Should be a little better...

fast-tally: func [b [block!] /local c u i] [
	c: sort copy b
	u: unique c
	i: 1
	until [
		c: any [find c u/2 tail c]
		u/1: as-pair u/1 negate i - i: index? c
		tail? u: next u
	]
	c: none
	head u
]
izkata, in R2 maximum-of is a native function.

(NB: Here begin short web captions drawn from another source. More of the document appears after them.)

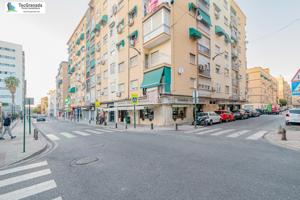 Piso de 3 habitaciones junto a los Carmenes! photo 0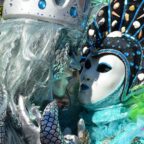 Costume ancien conservé comme une œuvre d’art de haute valeur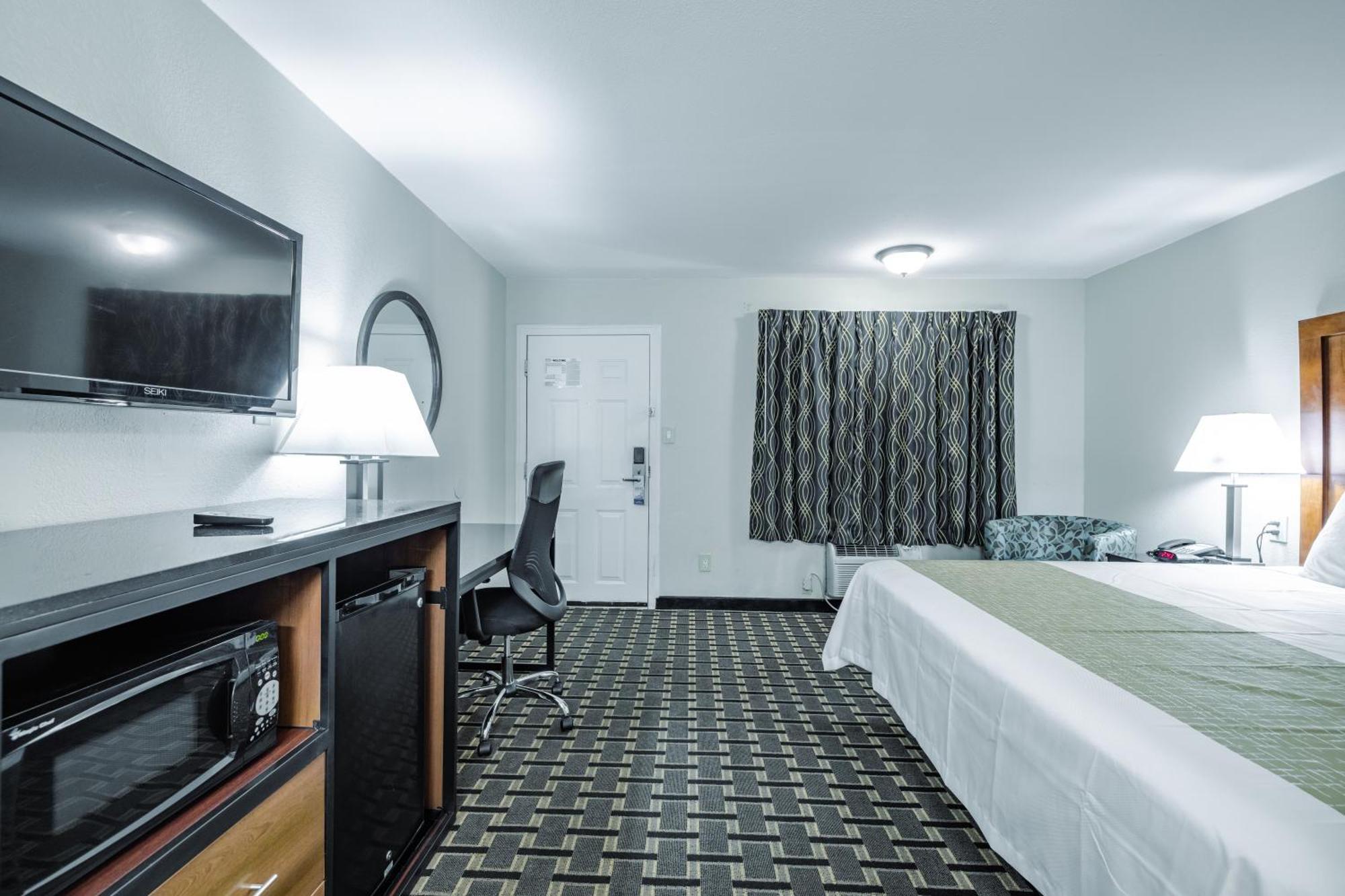 Travelodge By Wyndham Jackson I-40 Exit 82 Экстерьер фото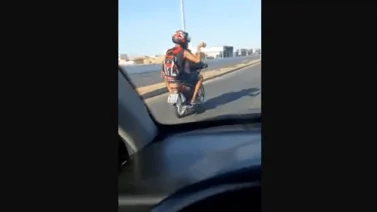 ¡Lo que faltaba! ¿Y este motorizado de dónde salió? (+Video)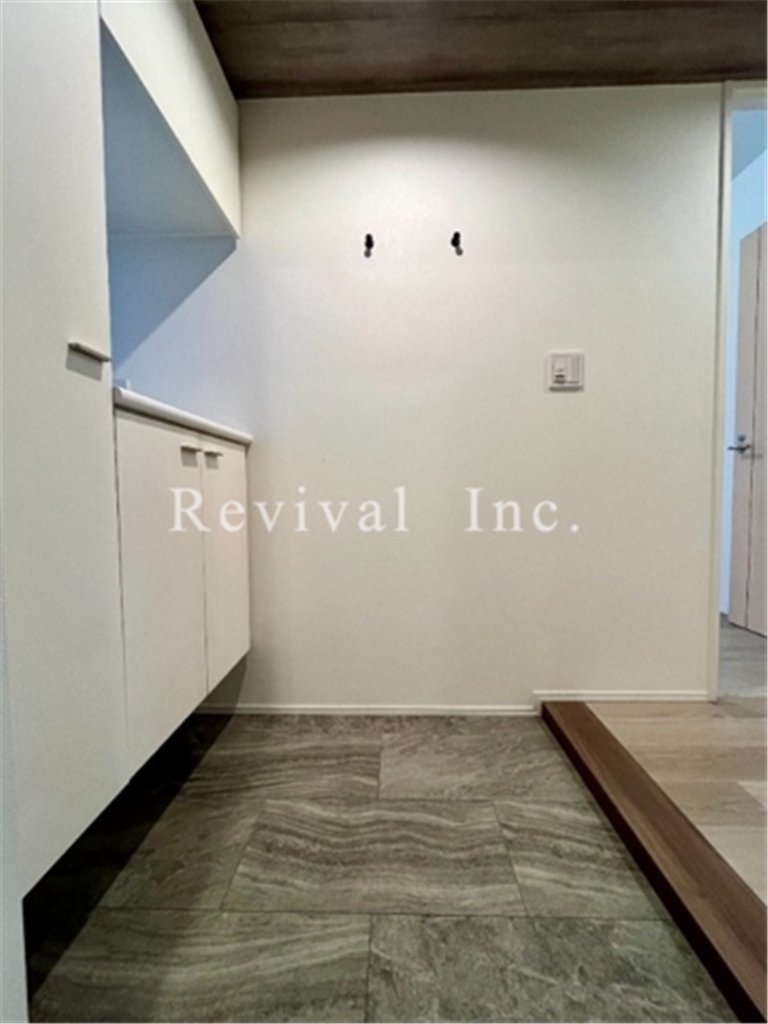 玄関　収納豊富な玄関でございます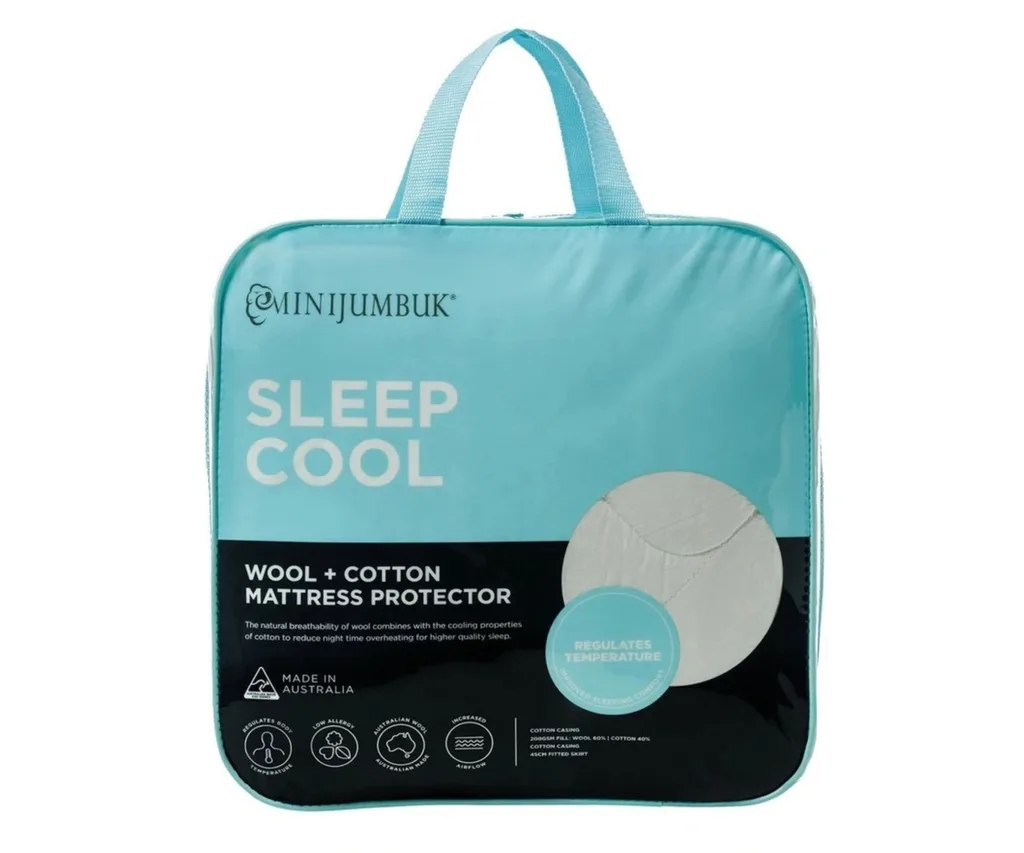 MiniJumbuk
Sleep Cool Wool/Cotton Mattress Protector in White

with that, your solution should be defintivly the fastest
Izkata
18-May-2009
[13786x2]
Sorting seems to be the big bottleneck:


arraycount with sorted data (using maximum-of, same results as sorted):
>> time [arraycount copy SDat] 50
== 0:00:00.172956
fast-tally with unsorted data:
>> time [fast-tally copy Data] 50
== 0:00:00.357852
fast-tally with the sort step removed, with pre-sorted data:
>> time [fast-tally copy SDat] 50 
== 0:00:00.103735
So which is best depends on what Tom is using it for, I guess
TomBon
19-May-2009
[13788]
this is great, very fast code. thanks a lot for this.

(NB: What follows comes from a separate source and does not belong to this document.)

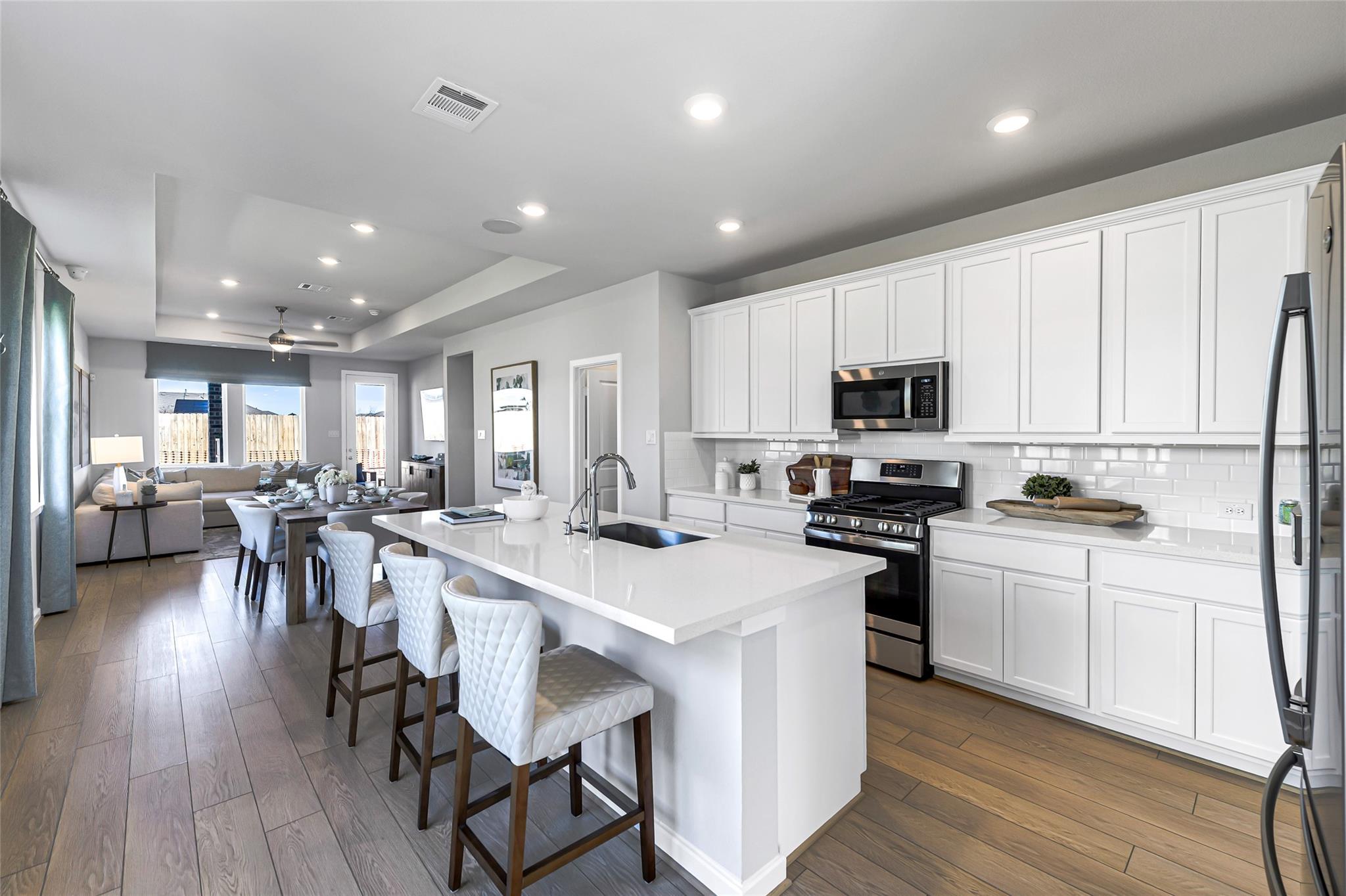 9611 Poinsettia Haven Lane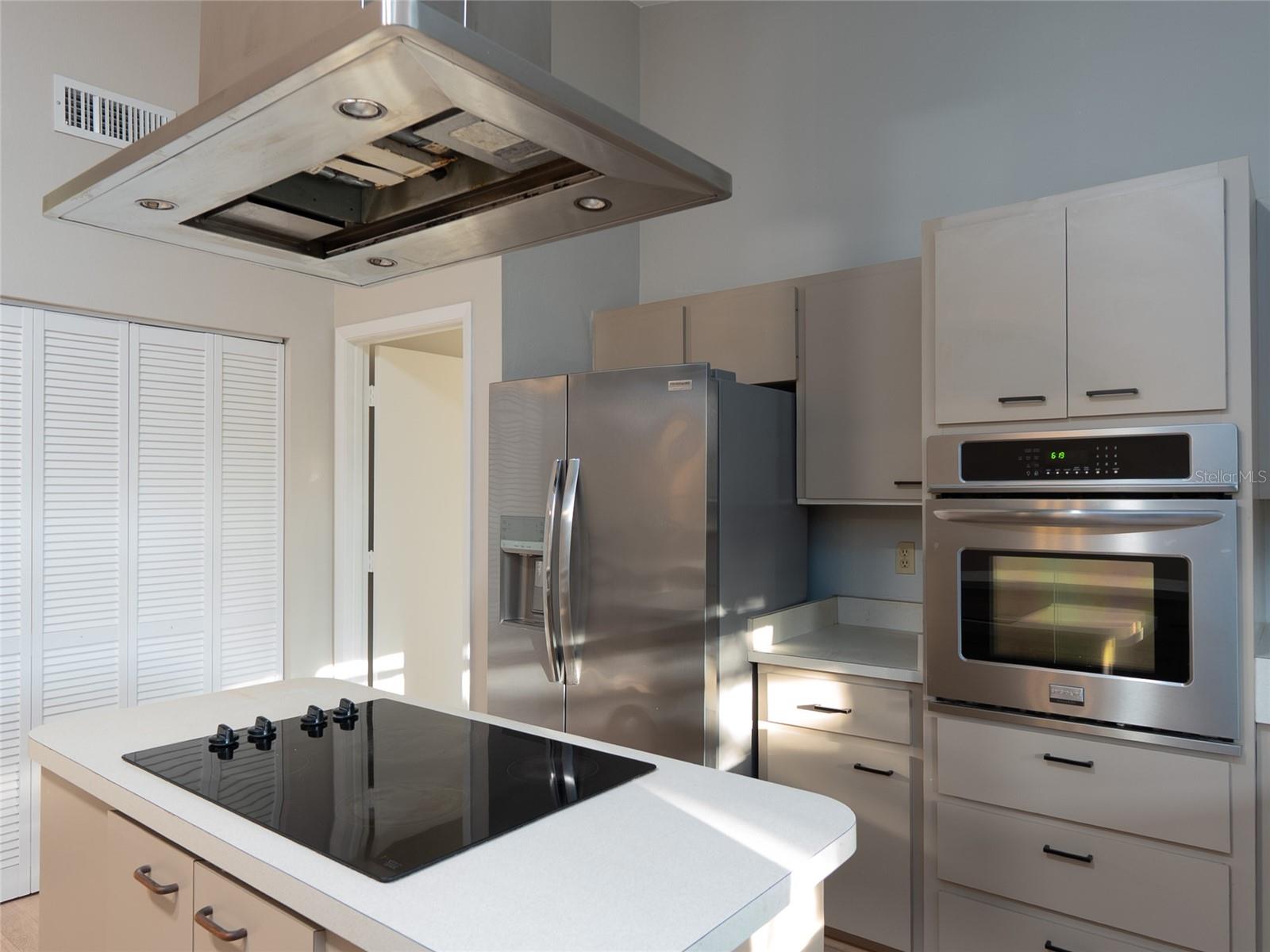 Image 18 of 66 For 593 Moon Drive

the code is used for generating dynamic parsing rules 
for financial market data. soon I will release a free
software based on this data.
Steeve
19-May-2009
[13789x2]
Seems that Tally is faster with R3.
2 reasons:
SORT is faster
MAXIMUM-OF is not anymore native 

(btw some of us claimed that it was a bad idea to have maximum-of 
 not anymore native in R3, But will claimed in the desert, so now 
we can see the drawback)
(Tally faster than radix, i meant)
BrianH
19-May-2009
[13791]
MAXIMUM-OF was rarely used, and is now mostly native rather than 
fully native. The majority of its processing is the loop, which is 
now native. MAXIMUM-OF and MINIMUM-OF are so rarely used that they 
might not make the mezzanine cut; they might be moved to R3/Plus.